For it is not alone poets or painters who have called the palaces and churches of Venice fairy-built domains or the architecture of a poet’s dreams. No traveller, surely, but has felt the intangible loveliness of those pilastered fronts, so delicate they seem like petrified lace, those windows and balconies with tracery of spiders’ weaving, those golden, ivory, rose-toned marble stairs that slip with iridescent sparkle into the lapping greenness of the waves about their base. And in it all, whatever else one finds, the hand of the builder is never on view.
The most literal soul must feel it difficult to realize that these mansions and palaces and churches were reared brick by brick, stone by stone, cut and hammered and cemented, only day by day growing into a splendour that so completely blinds us to its builder’s hands. Only the Arabian Nights’ sort of achievements make a Venice seem possible.

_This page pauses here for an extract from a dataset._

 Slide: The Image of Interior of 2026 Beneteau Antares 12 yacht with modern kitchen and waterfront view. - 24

How can one ascribe its ethereal beauties to grimy mason and builder? Rather was it planned on Olympus, and Apollo sang its formation. ” Frozen music,” as triumphs of architectural art have been called, never seems so exquisitely appropriate a phrase as in Venice. That is what this Queen of the Adriatic most truly is. As if in sooth the god of music had sent to earth some rarest song that as it fell note by note turned into stone, and Venice rose, song incarnate, visible, undying melody.

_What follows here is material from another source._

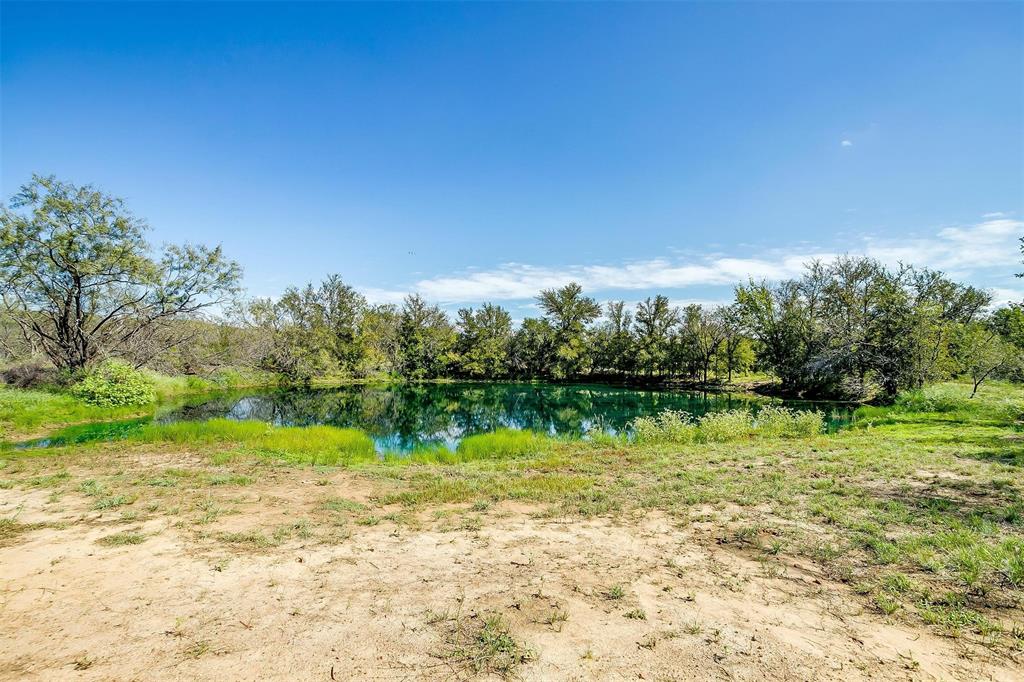 901 Remington Road Santo, TX 76472 - Photo 9 of 40 a view of lake with green space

No wonder, then, that anything less beautiful than the general beautiful average of Venetian building seems wofully out of place. Not only is the Academy below this average architecturally, but one of the principal approaches to it, the great modern iron bridge which crosses the Grand Canal and reaches nearly to its entrance, is perhaps the ugliest blot in the entire city. Nothing could make it worse unless they should run over it an American line of trolley-cars. Compared with such blatant modern ironmongery, the Academy not only shows favourably, but, historically especially, it has much to interest the student.

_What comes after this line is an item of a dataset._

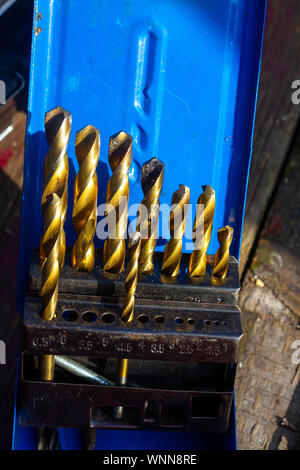 Set of golden drill bits on a wooden table seen close up Stock Photo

A map of Venice looks not unlike two clasping mittened hands, with the Grand Canal marking the inner outlines of the two. The Academy is placed on the inside curve of the thumb of the under hand, with the Salute at the tip of the same thumb. On the outer curve of the other thumb is the Piazza San Marco, not far from the line of the wrist and almost opposite the Salute. Thus the Academy is directly west of San Marco, separated from it by the width, and also by some little length, of the Grand Canal.
The Campo della Carità, as is called the little Square of the Academy, got its name from the conventual church, Santa Maria della Carità, which was erected here about the middle of the thirteenth century by the Scuola della Carità, the first of the great brotherhoods to be founded in Venice. This Scuola had for its object the ransoming of Christian prisoners from the Turks or other heathen.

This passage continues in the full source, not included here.